*** The data ***
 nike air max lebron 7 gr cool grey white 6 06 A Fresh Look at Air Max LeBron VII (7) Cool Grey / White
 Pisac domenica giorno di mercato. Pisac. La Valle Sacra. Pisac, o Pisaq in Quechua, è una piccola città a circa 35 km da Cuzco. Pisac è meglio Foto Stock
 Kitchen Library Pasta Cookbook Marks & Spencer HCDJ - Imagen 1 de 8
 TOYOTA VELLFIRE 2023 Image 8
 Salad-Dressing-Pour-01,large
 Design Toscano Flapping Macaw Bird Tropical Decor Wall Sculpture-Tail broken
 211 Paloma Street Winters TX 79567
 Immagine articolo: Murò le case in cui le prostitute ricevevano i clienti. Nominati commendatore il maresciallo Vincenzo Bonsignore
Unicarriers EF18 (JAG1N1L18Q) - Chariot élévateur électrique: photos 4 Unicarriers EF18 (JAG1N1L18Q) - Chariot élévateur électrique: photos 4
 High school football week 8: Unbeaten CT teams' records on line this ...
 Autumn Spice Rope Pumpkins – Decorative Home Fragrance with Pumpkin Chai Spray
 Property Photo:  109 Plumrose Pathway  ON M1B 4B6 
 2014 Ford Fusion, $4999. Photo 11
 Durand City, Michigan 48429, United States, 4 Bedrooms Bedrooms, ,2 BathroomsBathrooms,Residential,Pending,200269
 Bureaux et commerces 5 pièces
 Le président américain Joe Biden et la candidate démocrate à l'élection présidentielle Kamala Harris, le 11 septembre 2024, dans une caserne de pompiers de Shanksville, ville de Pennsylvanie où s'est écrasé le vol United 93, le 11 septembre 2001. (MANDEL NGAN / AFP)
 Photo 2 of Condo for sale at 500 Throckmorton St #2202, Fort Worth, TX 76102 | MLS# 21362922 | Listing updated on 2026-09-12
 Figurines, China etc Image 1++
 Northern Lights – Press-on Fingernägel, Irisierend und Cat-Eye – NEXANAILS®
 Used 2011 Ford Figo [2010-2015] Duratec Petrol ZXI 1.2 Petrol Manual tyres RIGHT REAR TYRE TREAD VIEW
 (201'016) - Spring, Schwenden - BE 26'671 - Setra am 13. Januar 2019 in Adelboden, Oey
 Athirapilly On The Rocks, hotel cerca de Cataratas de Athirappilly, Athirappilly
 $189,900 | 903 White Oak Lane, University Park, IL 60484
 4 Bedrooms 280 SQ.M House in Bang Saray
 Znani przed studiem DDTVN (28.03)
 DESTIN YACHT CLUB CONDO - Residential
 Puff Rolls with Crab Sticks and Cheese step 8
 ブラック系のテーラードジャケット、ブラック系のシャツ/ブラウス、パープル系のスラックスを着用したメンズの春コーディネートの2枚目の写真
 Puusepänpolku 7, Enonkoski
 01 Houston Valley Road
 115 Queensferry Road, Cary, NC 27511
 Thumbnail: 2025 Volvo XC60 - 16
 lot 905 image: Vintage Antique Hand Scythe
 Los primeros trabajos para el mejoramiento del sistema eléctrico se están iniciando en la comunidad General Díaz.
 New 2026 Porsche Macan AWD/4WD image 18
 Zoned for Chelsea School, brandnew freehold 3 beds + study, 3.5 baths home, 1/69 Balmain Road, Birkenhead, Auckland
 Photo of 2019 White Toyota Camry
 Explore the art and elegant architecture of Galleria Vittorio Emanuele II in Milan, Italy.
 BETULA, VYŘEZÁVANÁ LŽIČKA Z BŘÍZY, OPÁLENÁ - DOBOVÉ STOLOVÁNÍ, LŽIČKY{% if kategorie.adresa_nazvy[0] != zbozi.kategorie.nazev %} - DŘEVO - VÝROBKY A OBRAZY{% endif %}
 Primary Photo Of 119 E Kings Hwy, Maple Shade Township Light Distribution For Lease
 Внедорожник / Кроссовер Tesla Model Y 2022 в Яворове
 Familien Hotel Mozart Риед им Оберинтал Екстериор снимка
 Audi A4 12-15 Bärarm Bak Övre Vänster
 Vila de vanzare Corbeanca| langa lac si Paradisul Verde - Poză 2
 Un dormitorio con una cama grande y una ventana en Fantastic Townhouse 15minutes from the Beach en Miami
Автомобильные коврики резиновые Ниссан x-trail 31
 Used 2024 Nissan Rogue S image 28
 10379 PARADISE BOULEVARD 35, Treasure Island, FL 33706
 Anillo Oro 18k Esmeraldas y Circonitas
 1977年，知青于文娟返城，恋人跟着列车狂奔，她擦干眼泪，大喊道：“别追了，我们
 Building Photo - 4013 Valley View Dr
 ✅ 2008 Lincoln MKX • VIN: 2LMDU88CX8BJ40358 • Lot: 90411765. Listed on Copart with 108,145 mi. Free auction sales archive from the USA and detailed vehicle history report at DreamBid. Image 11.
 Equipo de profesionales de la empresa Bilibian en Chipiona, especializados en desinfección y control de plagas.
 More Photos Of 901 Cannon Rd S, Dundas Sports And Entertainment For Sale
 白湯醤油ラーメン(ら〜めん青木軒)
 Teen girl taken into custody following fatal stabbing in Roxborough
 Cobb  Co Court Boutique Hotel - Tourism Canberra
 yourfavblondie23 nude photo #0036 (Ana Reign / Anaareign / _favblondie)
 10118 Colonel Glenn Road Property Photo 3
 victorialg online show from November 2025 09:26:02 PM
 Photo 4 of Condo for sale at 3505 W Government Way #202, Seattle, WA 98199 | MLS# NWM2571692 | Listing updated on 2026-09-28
***
• Your objective:
Show every line above in which the word "Used" is found.

• Solution for this task:
 Used 2011 Ford Figo [2010-2015] Duratec Petrol ZXI 1.2 Petrol Manual tyres RIGHT REAR TYRE TREAD VIEW
 Used 2024 Nissan Rogue S image 28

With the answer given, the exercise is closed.